En revanche, certaines manquent d'impact en raison justement de cet humour parfois ultra-référencé que le spectateur ne peut pas toujours comprendre.

Avoir vu « Frankenstein » et « la fiancée de Frankenstein » est un plus indéniable car certaines scènes sont carrément des reprises pures et simples (le gag en plus) des films de James Whales.
Néanmoins, une connaissance rapide des films suffit amplement pour apprécier la majorité des gags : la coiffure de la fiancée, reconnaissable entre mille, une fermeture éclair sur le coup qui remplace les boulons sur les tempes du monstre...
Et comme tous les films de Mel Brooks, la version française est exceptionnelle.

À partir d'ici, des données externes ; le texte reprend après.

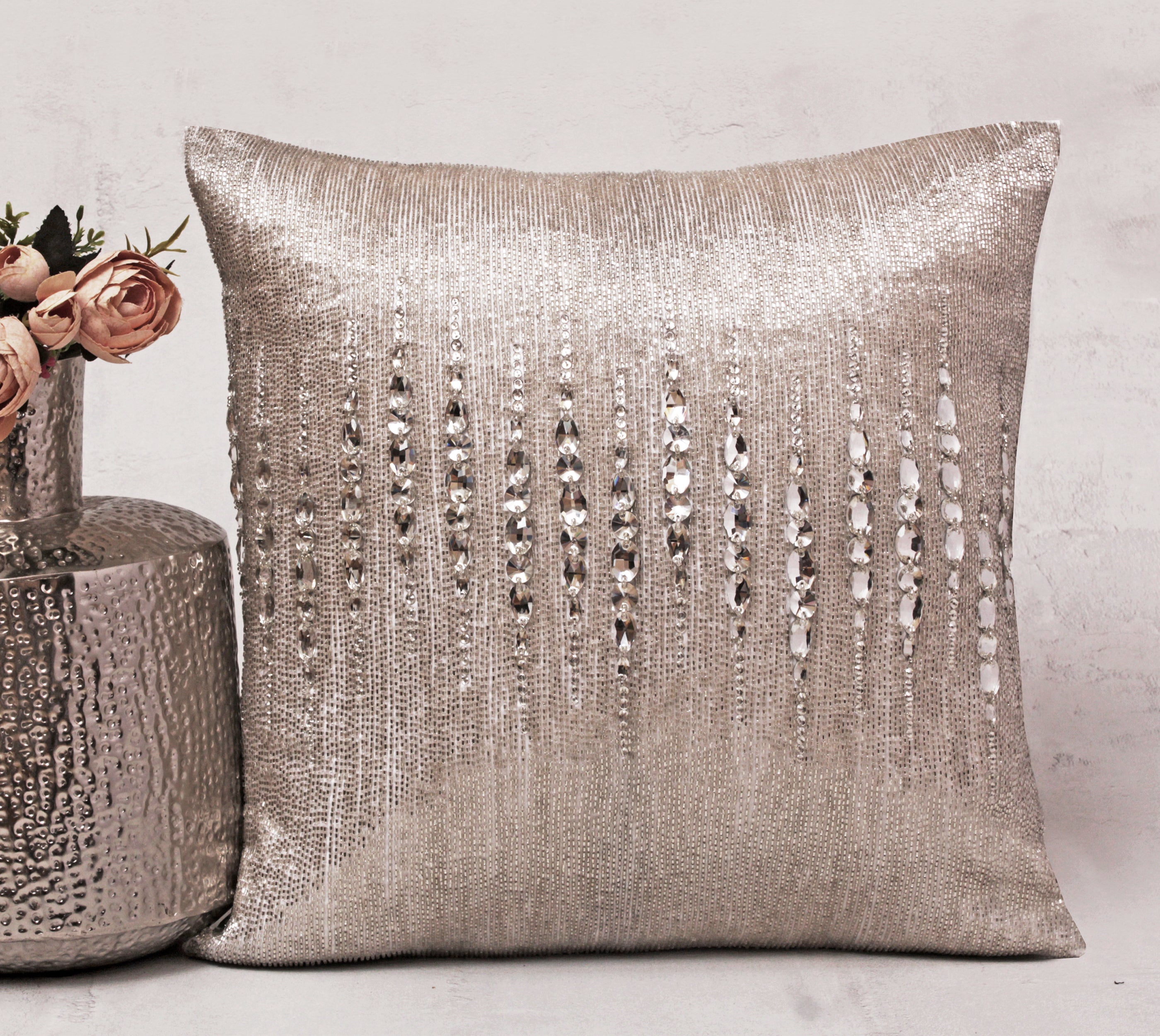 FORTUNE White and Silver Bling Cushion Cover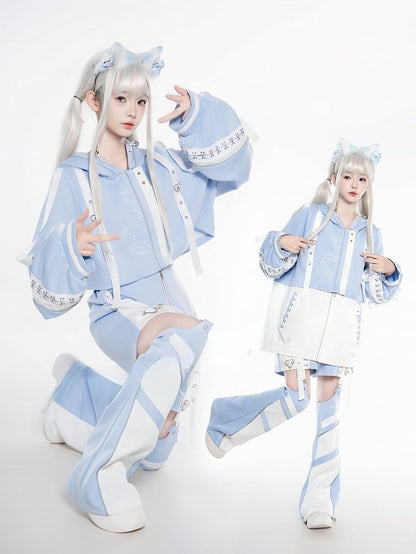 Blue - + Kaiwai J-Style Detachable Futuristic Set Shorts Jacket Leg Coord Light Warmers Tenshi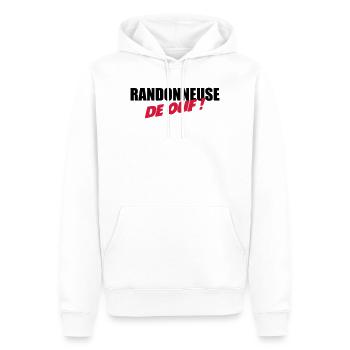 Randonneuse de ouf ! - Sweat à capuche Premium bio Homme - blanc - Devant - Nico (187cm)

Mel Brooks a encore frappé! Mais cette fois Avec une subtilité que l'on ne lui connaissait pas. Non pas que ses autres films soient de bêtes oeuvres de potache, loin de là, mais du scénario en passant par la mise en scène et le jeu des acteurs, « Frankenstein Junior » est bien plus qu'une simple parodie à petit budget.
A la fois fidèle au roman de Mary Shelley et à l'esthétique des films d'horreur de la belle époque du noir et blanc, le film se veut aussi émouvant que drôle et c'est pour ça qu'il est aussi efficace.

Casting exemplaire, réalisateur talentueux, scénario brillant et décalé, « Frankenstein Junior » est un grand classique de la comédie.
Pas forcément le Mel Brooks le plus drôle mais assurément son chef d'oeuvre en tant que metteur en scène.